October 11, 2007 | By: Thomas F. Zuber, Esq.

Plant patents may issue for plants that are stable and reproduced by asexual reproduction, and not a potato or other edible tuber reproduced plant. More specifically, 35 U.S.C. § 161 states:

Whoever invents or discovers and asexually reproduces any distinct and new variety of plant, including cultivated sports, mutants, hybrids, and newly found seedlings, other than a tuber propagated plant or a plant found in an uncultivated state, may obtain a patent therefore, subject to the conditions and requirements of this title.

The provisions of the United States Code relating to patents for inventions also apply to patents for plants, except as otherwise provided.  35 U.S.C. § 161.  In other words, a plant patent must also satisfy the requirements of patentability noted above in regard to utility patents.  One notable exception provided for is that a plant patent will not be declared invalid for noncompliance with the enablement requirement of 35 U.S.C. § 112 so long as the description of the plant is as complete as is reasonably possible.  35 U.S.C. § 162.

In sum, a plant patent requires:

· That the plant was invented or discovered and, if discovered, that the discovery was made in a cultivated area;
· That the plant is not a plant which is excluded by statute, where the part of the plant used for asexual reproduction is not a tuber food part, as with potato or Jerusalem artichoke;
· That the person or persons filing the application is/are him/her/those who actually invented the claimed plant (i.e. the person or persons who discovered or developed and identified or isolated the plant, and asexually reproduced the plant);
· That the plant has not been sold or released in the United States of America more than one year prior to the date of the application;
· That the plant has not been enabled to the public (i.e.: by description in a printed publication in this country more than one year before the application for patent with an offer to sale, or by release or sale of the plant more than one year prior to application for patent);
· That the plant be shown to differ from known, related plants by at least one distinguishing characteristic, which distinguishing characteristic is more than a difference caused by growing conditions or fertility levels, etc.; and
· The invention would not have been obvious to one skilled in the art at the time of invention by applicant.

One issued, a plant patent lasts for twenty years from the date of filing the application.  A plant patent grants the patent holder the right to exclude others from asexually reproducing the plant, and from using, offering for sale, or selling the plant so reproduced, or any of its parts, throughout the United States, or from importing the plant so reproduced, or any parts thereof, into the United States.  35 U.S.C. § 163.

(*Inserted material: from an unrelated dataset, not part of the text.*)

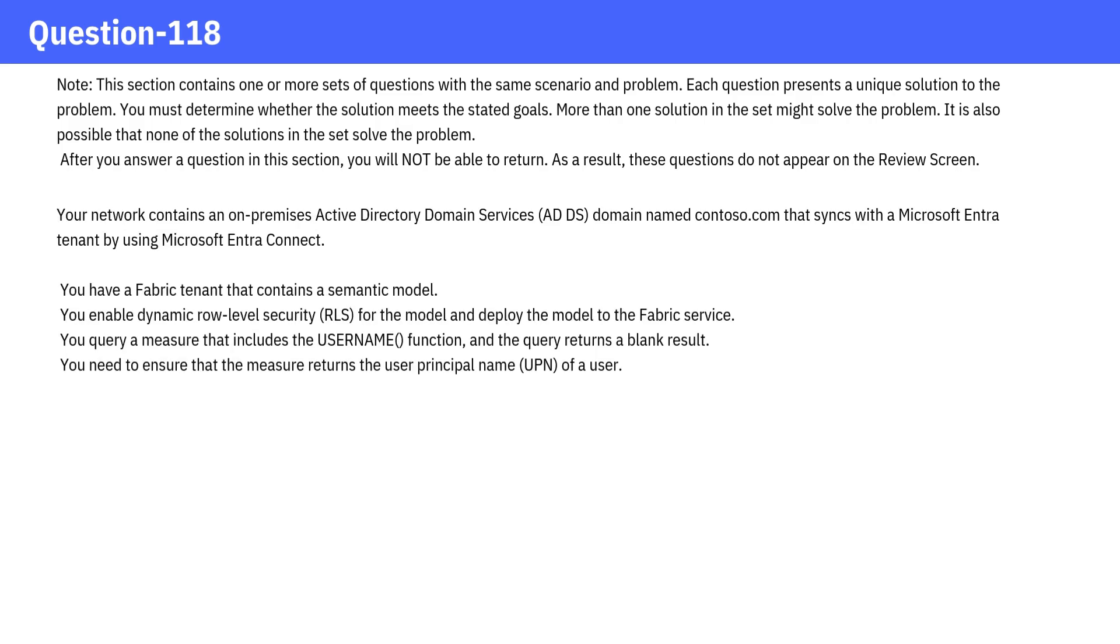Your network contains an on-premises Active Directory Domain Services (AD DS) domain named contoso.com that syncs with a Microsoft Entra tenant by using Microsoft Entra Connect.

* The author, Thomas F. Zuber, Esq., is a partner of Zuber & Taillieu LLP, specializing in intellectual property transactions.

** This article is for informational purposes only.  This article does not constitute legal advice and, in the absence of a fully executed retainer agreement, no attorney-client relationship exists between its reader and Zuber & Taillieu LLP or any of its attorneys.  For more information, please read our disclaimer.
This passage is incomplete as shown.